Most of this could actually be a satellite, being triggered by NickServ messages and writing the right ones back. It might make sense to make storing the password optional.

Easy joining of public channels as entry point to becoming a user

See e.g. something like https://github.com/rauchg/slackin (love the badge, too) or the various Web IRC programs, of course.

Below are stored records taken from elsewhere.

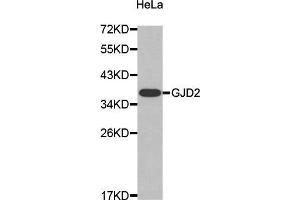 Western Blotting (WB) image for anti-Gap Junction Protein, delta 2, 36kDa (GJD2) (AA 99-197) antibody (ABIN3016909) (GJD2 Antikörper  (AA 99-197))
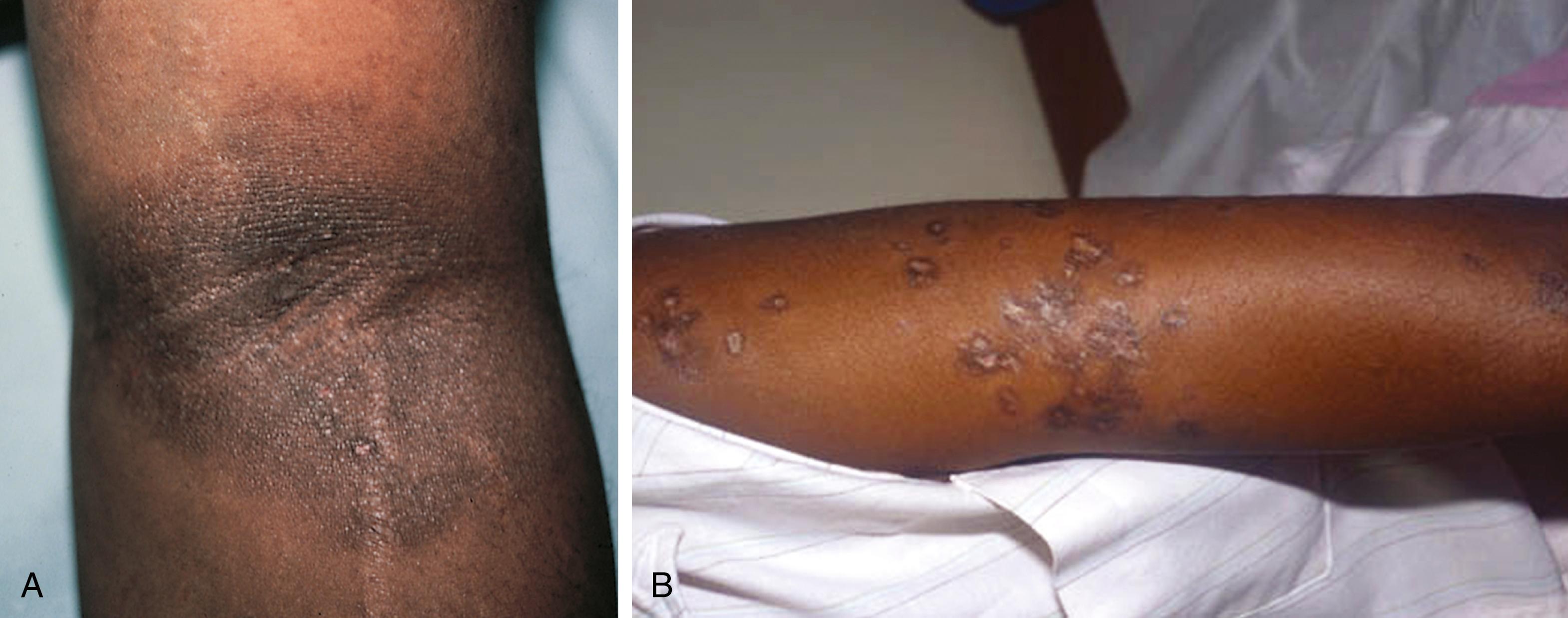 Fig. 8.116, (A) Postinflammatory hyperpigmentation arose in a child with chronic atopic dermatitis, which provoked persistent scratching. (B) This patient with discoid lupus provides another example of the phenomenon.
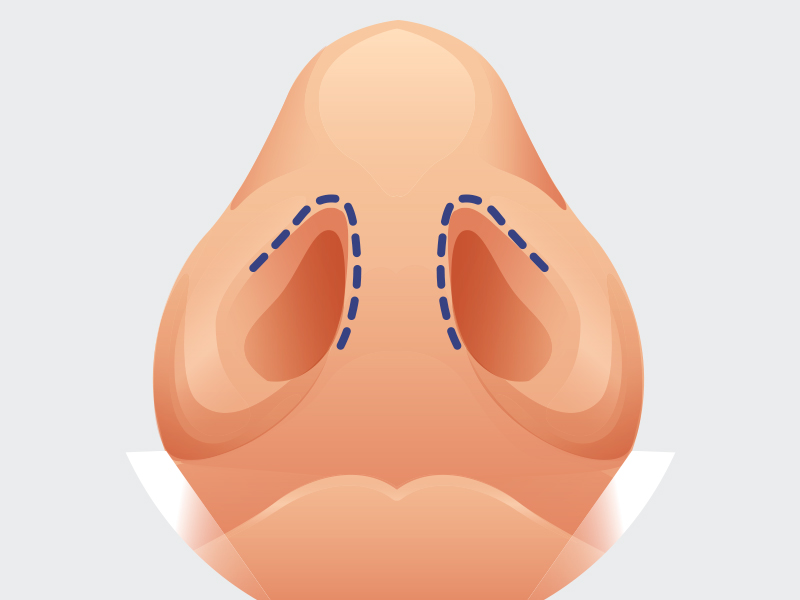 rinoplastia tecnica fechada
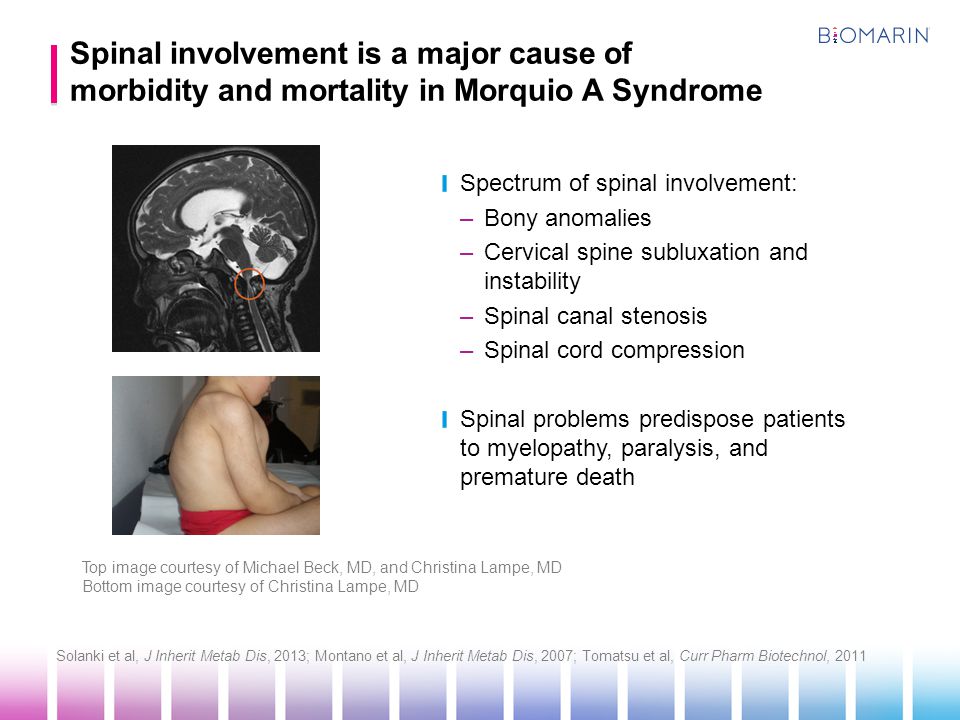 Spinal involvement is a major cause of morbidity and mortality in Morquio A Syndrome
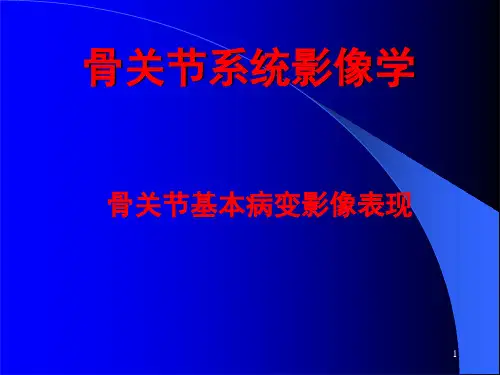 骨关节基本病变影像表现课件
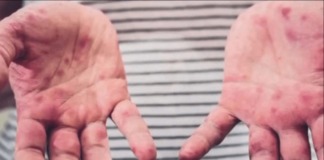 Reportan un caso de sarampión en el refugio para migrantes más grande de Chicago (EE. UU.)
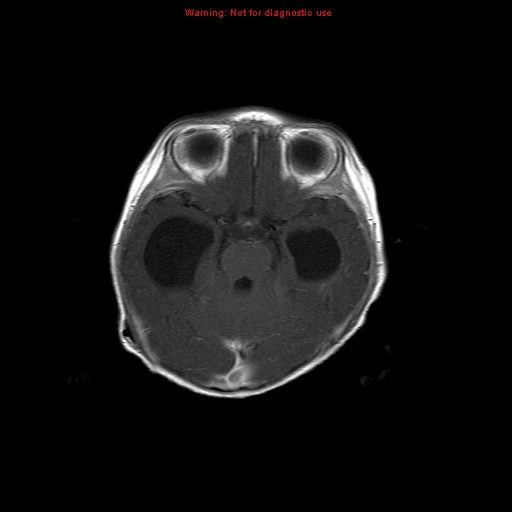 File:Atypical teratoid rhabdoid tumor (Radiopaedia 10712-11183 Axial T1 C+ 12).jpg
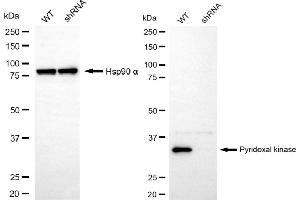 Western blotting analysis using pyridoxal kinase antibody (ABIN7800072). (PDXK anticorps)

Create channels on the fly

As opposed to having to create new channels before being able to join them, it's possible to just join channels on the fly via the normal syntax and then configure them once you're in it. IRC got that right, but not possible on e.g. Grove. On pro, that needs to be limited to admins optionally (but maybe not in the first version).

Feature ideas for later™

  • Send-later for messages (e.g. wait until business hours with sending something)
  • Big-screen mode/view. Can show activity in multiple/all/selected channels at once.
  • History replay for normal IRC clients; could include a link to open complete history in browser (like Grove does)
  • Real-time translation to user's language (with hover-to-see-source or something)
  • Make channels linkable, even when they're on different networks (maybe needs a satellite for both input and display)
  • Team mentions
  • Move messages to other channels (Oftentimes I realize I should've posted in a different one, esp. on private servers. Very possible to implement cleanly in Kosmos.)
  • Telegram-like command keyboards. Perhaps using a (newly standardized?) capability manifest file served from a Kosmos bot URL for example.